■ **Task details**:
Tally the lines containing "Wall" in this data. Respond with the tally alone.

■ **Material shown**:
»»
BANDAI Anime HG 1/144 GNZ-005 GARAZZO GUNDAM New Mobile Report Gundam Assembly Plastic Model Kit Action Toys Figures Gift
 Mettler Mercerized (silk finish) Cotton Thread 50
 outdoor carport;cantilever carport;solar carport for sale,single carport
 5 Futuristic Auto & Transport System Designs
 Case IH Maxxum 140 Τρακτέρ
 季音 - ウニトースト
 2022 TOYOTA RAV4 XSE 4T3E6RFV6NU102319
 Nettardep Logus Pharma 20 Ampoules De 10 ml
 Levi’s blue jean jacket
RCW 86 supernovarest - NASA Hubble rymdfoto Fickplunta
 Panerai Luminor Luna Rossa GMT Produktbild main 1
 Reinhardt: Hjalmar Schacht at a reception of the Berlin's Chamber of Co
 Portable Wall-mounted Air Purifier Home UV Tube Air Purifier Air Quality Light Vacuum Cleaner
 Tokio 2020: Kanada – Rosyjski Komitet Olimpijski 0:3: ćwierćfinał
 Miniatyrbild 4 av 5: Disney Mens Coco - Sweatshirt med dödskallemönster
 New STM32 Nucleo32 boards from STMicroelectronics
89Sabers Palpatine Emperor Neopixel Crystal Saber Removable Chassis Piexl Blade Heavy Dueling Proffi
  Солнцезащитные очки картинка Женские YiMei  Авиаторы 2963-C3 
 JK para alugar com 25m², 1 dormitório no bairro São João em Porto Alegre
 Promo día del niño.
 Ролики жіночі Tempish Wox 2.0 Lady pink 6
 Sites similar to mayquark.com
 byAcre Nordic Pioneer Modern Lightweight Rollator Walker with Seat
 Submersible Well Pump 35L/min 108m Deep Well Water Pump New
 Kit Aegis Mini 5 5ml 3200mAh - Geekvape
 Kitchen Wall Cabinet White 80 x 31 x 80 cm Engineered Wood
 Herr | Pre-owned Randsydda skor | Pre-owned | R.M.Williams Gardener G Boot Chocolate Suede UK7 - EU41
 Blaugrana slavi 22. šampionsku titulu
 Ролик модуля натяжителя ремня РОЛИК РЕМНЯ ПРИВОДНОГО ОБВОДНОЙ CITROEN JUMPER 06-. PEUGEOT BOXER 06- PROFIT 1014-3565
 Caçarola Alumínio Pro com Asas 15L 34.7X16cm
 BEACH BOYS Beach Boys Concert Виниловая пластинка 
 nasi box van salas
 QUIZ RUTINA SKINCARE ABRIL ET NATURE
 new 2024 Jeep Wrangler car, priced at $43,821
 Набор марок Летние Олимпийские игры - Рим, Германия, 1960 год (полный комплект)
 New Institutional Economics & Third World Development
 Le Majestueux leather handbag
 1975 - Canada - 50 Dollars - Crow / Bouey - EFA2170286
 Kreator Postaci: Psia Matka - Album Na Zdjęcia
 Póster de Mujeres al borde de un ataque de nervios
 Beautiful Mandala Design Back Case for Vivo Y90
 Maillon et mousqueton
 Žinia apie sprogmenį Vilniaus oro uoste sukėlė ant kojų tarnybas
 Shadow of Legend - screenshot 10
««
■ **Written answer**:
2